• **GOAL OF THE EXERCISE**
Look for the word "Shorts". Copy every line of the listing where it occurs.
-=-=-
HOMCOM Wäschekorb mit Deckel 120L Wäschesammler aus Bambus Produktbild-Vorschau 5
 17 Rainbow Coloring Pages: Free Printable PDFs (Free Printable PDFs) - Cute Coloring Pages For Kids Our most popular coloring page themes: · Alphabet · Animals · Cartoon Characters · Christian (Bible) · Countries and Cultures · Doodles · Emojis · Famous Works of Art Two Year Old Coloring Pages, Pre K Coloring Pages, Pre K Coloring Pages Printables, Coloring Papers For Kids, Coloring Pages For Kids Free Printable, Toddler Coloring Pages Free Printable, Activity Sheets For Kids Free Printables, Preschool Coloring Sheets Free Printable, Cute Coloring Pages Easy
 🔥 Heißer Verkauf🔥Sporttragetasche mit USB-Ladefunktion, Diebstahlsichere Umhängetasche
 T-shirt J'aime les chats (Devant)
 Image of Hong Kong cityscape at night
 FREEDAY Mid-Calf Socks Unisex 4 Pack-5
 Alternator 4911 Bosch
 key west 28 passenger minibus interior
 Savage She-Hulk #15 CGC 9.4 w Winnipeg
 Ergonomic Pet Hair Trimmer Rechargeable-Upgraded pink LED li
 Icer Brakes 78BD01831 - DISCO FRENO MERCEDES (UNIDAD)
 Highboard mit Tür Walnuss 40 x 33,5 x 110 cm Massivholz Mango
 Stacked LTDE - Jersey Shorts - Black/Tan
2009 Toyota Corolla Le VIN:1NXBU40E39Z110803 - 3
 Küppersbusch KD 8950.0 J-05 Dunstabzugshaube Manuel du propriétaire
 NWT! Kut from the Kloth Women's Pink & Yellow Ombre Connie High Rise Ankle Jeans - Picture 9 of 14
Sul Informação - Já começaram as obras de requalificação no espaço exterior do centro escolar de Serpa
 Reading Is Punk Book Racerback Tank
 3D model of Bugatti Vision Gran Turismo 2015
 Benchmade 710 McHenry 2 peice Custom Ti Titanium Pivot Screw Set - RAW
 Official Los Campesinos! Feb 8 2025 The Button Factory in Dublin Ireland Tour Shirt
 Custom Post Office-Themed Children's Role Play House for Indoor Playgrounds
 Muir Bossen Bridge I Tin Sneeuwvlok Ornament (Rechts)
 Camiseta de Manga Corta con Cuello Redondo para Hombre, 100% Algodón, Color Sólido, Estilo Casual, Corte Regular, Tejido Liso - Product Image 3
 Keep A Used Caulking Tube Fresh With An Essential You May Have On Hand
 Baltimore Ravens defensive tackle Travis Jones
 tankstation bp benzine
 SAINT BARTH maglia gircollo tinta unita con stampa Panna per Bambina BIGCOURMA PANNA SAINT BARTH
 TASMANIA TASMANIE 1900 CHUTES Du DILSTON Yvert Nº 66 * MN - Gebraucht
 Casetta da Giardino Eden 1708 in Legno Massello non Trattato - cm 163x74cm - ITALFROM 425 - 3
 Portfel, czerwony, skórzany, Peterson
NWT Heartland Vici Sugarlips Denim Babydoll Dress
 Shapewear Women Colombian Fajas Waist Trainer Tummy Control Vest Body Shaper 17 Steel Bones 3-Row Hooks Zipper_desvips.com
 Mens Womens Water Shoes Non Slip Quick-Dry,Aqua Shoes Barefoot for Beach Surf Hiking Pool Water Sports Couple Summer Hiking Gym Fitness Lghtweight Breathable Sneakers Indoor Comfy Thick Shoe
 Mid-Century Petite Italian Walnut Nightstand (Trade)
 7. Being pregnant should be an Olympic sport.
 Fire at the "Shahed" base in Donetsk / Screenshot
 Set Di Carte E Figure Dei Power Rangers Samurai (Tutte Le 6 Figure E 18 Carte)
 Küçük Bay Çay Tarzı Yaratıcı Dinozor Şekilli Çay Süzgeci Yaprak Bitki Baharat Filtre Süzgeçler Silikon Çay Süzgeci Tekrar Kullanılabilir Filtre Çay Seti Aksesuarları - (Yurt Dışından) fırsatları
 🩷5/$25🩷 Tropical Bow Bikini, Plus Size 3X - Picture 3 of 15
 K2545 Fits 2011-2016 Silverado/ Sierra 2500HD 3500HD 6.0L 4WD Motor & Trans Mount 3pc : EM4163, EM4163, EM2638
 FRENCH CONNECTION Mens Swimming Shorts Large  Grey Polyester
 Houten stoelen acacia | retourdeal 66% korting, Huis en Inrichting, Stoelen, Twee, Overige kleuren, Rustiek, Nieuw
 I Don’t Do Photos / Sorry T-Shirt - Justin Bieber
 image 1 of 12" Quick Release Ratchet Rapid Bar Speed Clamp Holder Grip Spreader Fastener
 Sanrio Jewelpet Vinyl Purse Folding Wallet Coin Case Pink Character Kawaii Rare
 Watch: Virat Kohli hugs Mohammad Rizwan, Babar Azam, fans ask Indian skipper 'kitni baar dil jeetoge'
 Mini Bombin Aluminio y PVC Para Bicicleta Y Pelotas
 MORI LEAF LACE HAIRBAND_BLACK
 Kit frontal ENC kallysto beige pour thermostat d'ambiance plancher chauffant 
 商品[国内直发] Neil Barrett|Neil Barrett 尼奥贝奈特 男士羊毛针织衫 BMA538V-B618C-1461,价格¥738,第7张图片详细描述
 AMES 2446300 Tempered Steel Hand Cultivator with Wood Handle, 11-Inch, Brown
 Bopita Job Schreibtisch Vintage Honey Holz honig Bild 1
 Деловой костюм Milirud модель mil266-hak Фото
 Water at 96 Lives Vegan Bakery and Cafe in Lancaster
-=-=-
• **RESPONSE**
 Stacked LTDE - Jersey Shorts - Black/Tan
 FRENCH CONNECTION Mens Swimming Shorts Large  Grey Polyester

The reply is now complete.